EXERCISE PROMPT: Transcribe the entire listing faithfully; every line must match the original.

RECORDS TO USE:
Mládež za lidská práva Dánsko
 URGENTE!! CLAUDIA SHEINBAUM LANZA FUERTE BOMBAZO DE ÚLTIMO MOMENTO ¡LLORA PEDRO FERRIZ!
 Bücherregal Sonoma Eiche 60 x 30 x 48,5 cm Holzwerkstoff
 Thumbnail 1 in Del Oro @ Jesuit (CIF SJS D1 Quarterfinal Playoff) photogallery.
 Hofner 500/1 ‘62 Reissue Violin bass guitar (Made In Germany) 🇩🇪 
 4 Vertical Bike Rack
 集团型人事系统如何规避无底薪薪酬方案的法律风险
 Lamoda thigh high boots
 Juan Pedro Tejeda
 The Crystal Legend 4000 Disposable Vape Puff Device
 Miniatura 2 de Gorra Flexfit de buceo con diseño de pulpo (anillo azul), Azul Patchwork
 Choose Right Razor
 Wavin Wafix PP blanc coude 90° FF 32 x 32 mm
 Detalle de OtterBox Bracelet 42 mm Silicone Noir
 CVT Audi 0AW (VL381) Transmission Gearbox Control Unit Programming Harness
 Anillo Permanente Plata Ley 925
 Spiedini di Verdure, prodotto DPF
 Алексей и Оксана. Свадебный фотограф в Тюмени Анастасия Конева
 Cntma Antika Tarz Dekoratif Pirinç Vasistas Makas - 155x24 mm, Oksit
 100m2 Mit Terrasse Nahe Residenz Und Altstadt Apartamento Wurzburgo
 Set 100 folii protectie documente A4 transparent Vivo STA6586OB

ANSWER FOR THE TASK:
Mládež za lidská práva Dánsko
 URGENTE!! CLAUDIA SHEINBAUM LANZA FUERTE BOMBAZO DE ÚLTIMO MOMENTO ¡LLORA PEDRO FERRIZ!
 Bücherregal Sonoma Eiche 60 x 30 x 48,5 cm Holzwerkstoff
 Thumbnail 1 in Del Oro @ Jesuit (CIF SJS D1 Quarterfinal Playoff) photogallery.
 Hofner 500/1 ‘62 Reissue Violin bass guitar (Made In Germany) 🇩🇪 
 4 Vertical Bike Rack
 集团型人事系统如何规避无底薪薪酬方案的法律风险
 Lamoda thigh high boots
 Juan Pedro Tejeda
 The Crystal Legend 4000 Disposable Vape Puff Device
 Miniatura 2 de Gorra Flexfit de buceo con diseño de pulpo (anillo azul), Azul Patchwork
 Choose Right Razor
 Wavin Wafix PP blanc coude 90° FF 32 x 32 mm
 Detalle de OtterBox Bracelet 42 mm Silicone Noir
 CVT Audi 0AW (VL381) Transmission Gearbox Control Unit Programming Harness
 Anillo Permanente Plata Ley 925
 Spiedini di Verdure, prodotto DPF
 Алексей и Оксана. Свадебный фотограф в Тюмени Анастасия Конева
 Cntma Antika Tarz Dekoratif Pirinç Vasistas Makas - 155x24 mm, Oksit
 100m2 Mit Terrasse Nahe Residenz Und Altstadt Apartamento Wurzburgo
 Set 100 folii protectie documente A4 transparent Vivo STA6586OB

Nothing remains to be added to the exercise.